The Presidential Emergency Board dealing with Amtrak and other rail labor issues has asked for an extension to do their work. It is not clear how long that extension would be. The Board requested 30 days, but that would extend the cooling-off period to July 3, when Congress is gone and cannot legislate an end to any potential strike. The President may well grant a shorter extension. If you have travel plans in June or July, you will want to stay tuned to this story.
April 30 is the deadline for comments on the River Cities -- the address to write to is in the February newsletter. Amtrak was quoted on a Carbondale television station as saying only 35 responses had been received, implying that people do not care about the train. If you haven't yet written, do so right away.

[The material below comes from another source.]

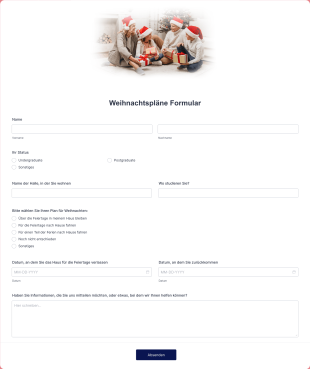 Weihnachtspläne Formular Form Template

Local travel between Chicago and St. Paul will be very difficult this summer, as Amtrak has apparently removed the local coach from the Empire Builder and subjected the rest of the seats to draconian yield management restrictions. This is yet another bad omen as Amtrak looks for ways to close up its 1992 operating budget gap.
The Amtrak board met on April 22. Revenues, passenger miles, and cost recovery are all still down year-to-date for fiscal 1992. In March, the best on-time railroad was Soo Line at 94%, and the worst was Norfolk Southern at 61%. The best long-distance train, amazingly enough, was the City of New Orleans at 95% on-time; the worst was the Coast Starlight at 39%. The greatest ridership gain in February was on the Adirondack at 38%, and the biggest loss was on the Clockers at 28%.
Mail service to Chicago, Memphis, and New Orleans is being phased in on the City of New Orleans from March 18 through the end of April. This new contract is worth about $310,000 annually.
The Iowa House approved an appropriations plan on April 20 that would have started a central Iowa Amtrak route as early as 1994. But yesterday, a Senate committee voted to do a ridership study instead, a move that could delay the train by at least a year. Iowa NARP members should call their State Senator and tell him or her to support the House plan, not the study. All Senators can be reached on 515/281-3371.
Census figures show that many more Washington-area people are driving to work than in 1980, and taking longer at it, according to the Washington Post. Despite government efforts to discourage single-occupant vehicles, carpooling is declining and transit use is stagnant. Could it be that we have the cheapest gasoline of any developed nation, cheaper in real terms than 40 years ago? Could it be that consumers regard the low cost of gas as irrelevant when they make their commuting decisions? This census report makes Virginia Governor Wilder's decision to veto a northern Virginia ballot initiative on raising the gas tax look even more short-sighted.